Solving a recurrence relation with eigenvectors

Question

Suppose you are given a recurrence relation describing the gambler's ruin with absorbing states 0 and 100. The probability of winning is given by the recurrence relationship: $$P_{n}=\frac{1}{2}P_{n-1}+\frac{1}{2}P_{n+1}$$ with $P_{0}=0$ and $P_{100}=1$ Is there a way to solve this problem, i.e achieving state 100, with eigenvalues and matrices?

Answer 1

Write the recurrence as $$ P_{n+1} = 2P_{n}-P_{n-1} $$ Then $$ v_n=\begin{pmatrix} P_{n+1} \\ P_{n} \end{pmatrix} = \begin{pmatrix} 2&-1\\1&0\end{pmatrix} \begin{pmatrix} P_{n} \\ P_{n-1} \end{pmatrix} =Av_{n-1} $$ and so $$ v_n = A^n v_0 $$ Now write $A=QJQ^{-1}$ so that $A^n=QJ^nQ^{-1}$. Eigenvalues and eigenvectors enter here.

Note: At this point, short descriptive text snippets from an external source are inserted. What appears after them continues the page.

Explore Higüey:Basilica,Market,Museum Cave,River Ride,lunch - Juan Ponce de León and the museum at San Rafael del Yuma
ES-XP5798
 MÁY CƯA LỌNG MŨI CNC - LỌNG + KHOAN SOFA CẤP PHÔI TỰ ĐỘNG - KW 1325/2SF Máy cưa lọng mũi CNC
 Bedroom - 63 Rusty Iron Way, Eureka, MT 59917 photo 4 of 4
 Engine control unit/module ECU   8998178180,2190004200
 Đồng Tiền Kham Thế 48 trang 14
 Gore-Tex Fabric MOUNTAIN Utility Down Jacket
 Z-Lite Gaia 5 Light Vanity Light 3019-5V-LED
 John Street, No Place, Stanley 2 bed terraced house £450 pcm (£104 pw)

However, in this particular case it is easy to compute $A^n$ directly: $$ \begin{pmatrix} 2&-1\\1&0\end{pmatrix}^n = \begin{pmatrix} n+1&-n\\n&-(n-1)\end{pmatrix} $$ This gives $$ \begin{pmatrix} P_{n+1} \\ P_{n} \end{pmatrix} = \begin{pmatrix} n+1&-n\\n&-(n-1)\end{pmatrix} \begin{pmatrix} P_{1} \\ P_{0} \end{pmatrix} $$ Since $P_0=0$, we get $$ P_{n} = nP_1 $$